Let me just begin by saying that my story all started with this absolutely FAB comforter I bought for Savannah for Christmas:

The picture doesn't really do it justice because it is absolutely beautiful with every bright, awesome color you could ever want in a comforter.  I knew she would love it and she did.
The next most important part of the story is that Savannah has a special relationship with the color blue.  She has loved it for as long as I can remember.  If we go looking for clothes...you guessed it, she goes straight for everything and anything blue.  I've actually had to beg her to expand her wardrobe into other colors.  So naturally, when she got this comforter, she wanted her room painted blue.  Not much surprise there.
So...fast forward five months to May, when she takes a trip to Home Depot with her dad and comes home with the brightest blue paint chip she could find and proudly announces that THAT is the color she wants her room painted.  All I could really say (although I didn't say it, I just thought it) is "Holy Crap!"  Let me point out, though, that she has good matching skills, because she actually got the right shade.
Now fast forward again to the present.  I am painting...and it's time to paint her room.  I politely inform her that the color of blue she has picked  is too dark for the whole room (coincidentally, she has by the time picked some other coordinating colors to go with it) and we are going to have to go lighter. So while she still has her heart set on blue,  I have been completely torn about what color to use.  I like the blue...but there is also lime green, pink, and even a sort of seafoam color that would look great.  I wonder if maybe that much blue, along with the blue bedskirt, isn't too much.
So I asked every person I could for an opinion.  Here are some of the opinions I ended up with:
  • If you paint the room another color, the blue will really stand out and that would look good.
  • She has a blue chair, and it might clash...I would use another color.
  • Blue is a cold color so the room might feel cold.
  • Too much blue is too much blue...she will get tired of it.
I also had one friend with a blue room the color Savannah was hoping for and she loves it and says I should go ahead.  I also kept thinking that she is my only girl...and the one and only chance I have for a pink room... so why does she have to love a BOY color?  All the opinions made my head spin so I have been putting off painting her room for DAYS because I can't make a decision.  But as of today, I was out of time and I needed to go buy the paint and get going.
I showed Savannah ALL the paint chips I had that matched and she agreed that a lot of them looked good.  So she told me to "surprise her".  Apparently her version of "surprise me" and my version of "surprise me" are very different because she was definitely surprised, and not in a good way.

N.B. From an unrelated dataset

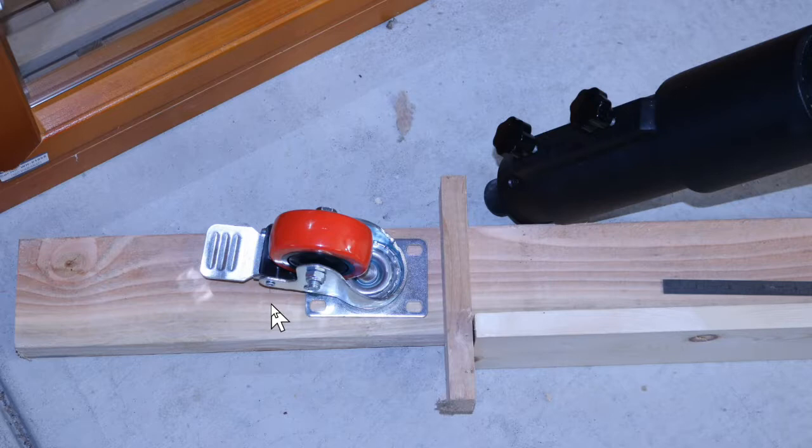For the longer board, you'll do the same thing, but allow maybe six to eight inches between the tip of the tripod leg and this board. Then put this down the same way and mark the 2x4 the same way. You will cut all the 2x4s later.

What color did I choose?  Pink.  And it was not an easy pink to match either...but I managed to do it.  I went to Home Depot, I bought the pink paint, and I came home and started taping her room.  She said she didn't want to see the colors until I was done, so she stayed away.  But when she came downstairs, she saw the can with the pink dot on it and knew.  Then she said she didn't want it to be a surprise anymore and asked to see the colors, so I showed them to her.  She put a smile on her face and walked away.   Luckily I hadn't started painting yet, because within about 15 minutes I knew something was wrong.  Suddenly she had lost complete interest in seeing her room get painted...she just sort of disappeared.

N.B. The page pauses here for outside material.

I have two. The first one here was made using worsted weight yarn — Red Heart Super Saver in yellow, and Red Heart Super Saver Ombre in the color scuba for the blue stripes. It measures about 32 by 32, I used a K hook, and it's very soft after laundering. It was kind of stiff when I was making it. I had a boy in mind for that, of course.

About lunch time, I asked her if she liked the colors.  She said they were pretty but she wasn't really a pink girl...and continued to smile.  In fact, she walked around with that fake smile plastered on her face for the rest of the day.  I felt awful.  Then came the epiphany.
It actually had started earlier with a man at Home Depot getting paint at the same time as me.  He pointed to my darkest pink and said "I just painted that color in my daughter's room" (and let me add, it's almost magenta--very dark and bright) to which I said "the whole room?"  He said yes, and told me that she absolutely loved it, even though it never would have been his choice.  Then he added, "She's a 14 year old girl...in a few years she'll move out and I can paint it any color I want, but right now this color makes her happy."  I really took it to heart, but they were already making my paint...so there wasn't much I could do by then.

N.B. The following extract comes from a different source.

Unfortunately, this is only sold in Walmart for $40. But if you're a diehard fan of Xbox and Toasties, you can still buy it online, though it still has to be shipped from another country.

Then, after talking to Savannah, I asked myself some hard questions.  Did I really want to be the kind of mother that decides I know best and disregard her feelings?  Do I want to teach her that her opinion is wrong and doesn't count?  Do I want her to grow up to be a person that second guesses herself with every decision because she's too afraid her decision will be wrong?  And do I want her to spend the next 6-10 years in a bedroom she hates?  I had asked everyone and valued everyone's opinion except the one person whose opinion should have mattered the most.  Shame on me.
Needless to say, this evening I went back to Home Depot to get blue paint.  She doesn't know yet, because I waited to paint it after she was asleep so she would actually get the "good" surprise tomorrow. (When I mentioned to her that she SAID to surprise her, she said "I thought that meant you would surprise me with the color I wanted in the first place."  How sad is that?)  Surprisingly enough, I actually like it.  I'm not sure I'd want it in MY room, but it's pretty.
And when she was going to bed tonight, I went in her room and she had teary eyes.  She told me she was very worried about the pink paint because what if she didn't like it, and I had said there would be no changing it later.  She had been brave and fake happy all day, but all of a sudden, she was letting her true feelings show.  Man, was I glad I'd gone back for the blue paint.  I even almost told her about it because I didn't want her to go to sleep having pink nightmares...but I decided to make her wait anyway (was that cruel?) I do point out, however, that had she acted like a spoiled brat and thrown a bit fit about the paint I would have painted it pink anyway.  It was the maturity and politeness that got to me.
So now here it is, after midnight, and the room is blue.  She is going to be ECSTATIC when she sees it.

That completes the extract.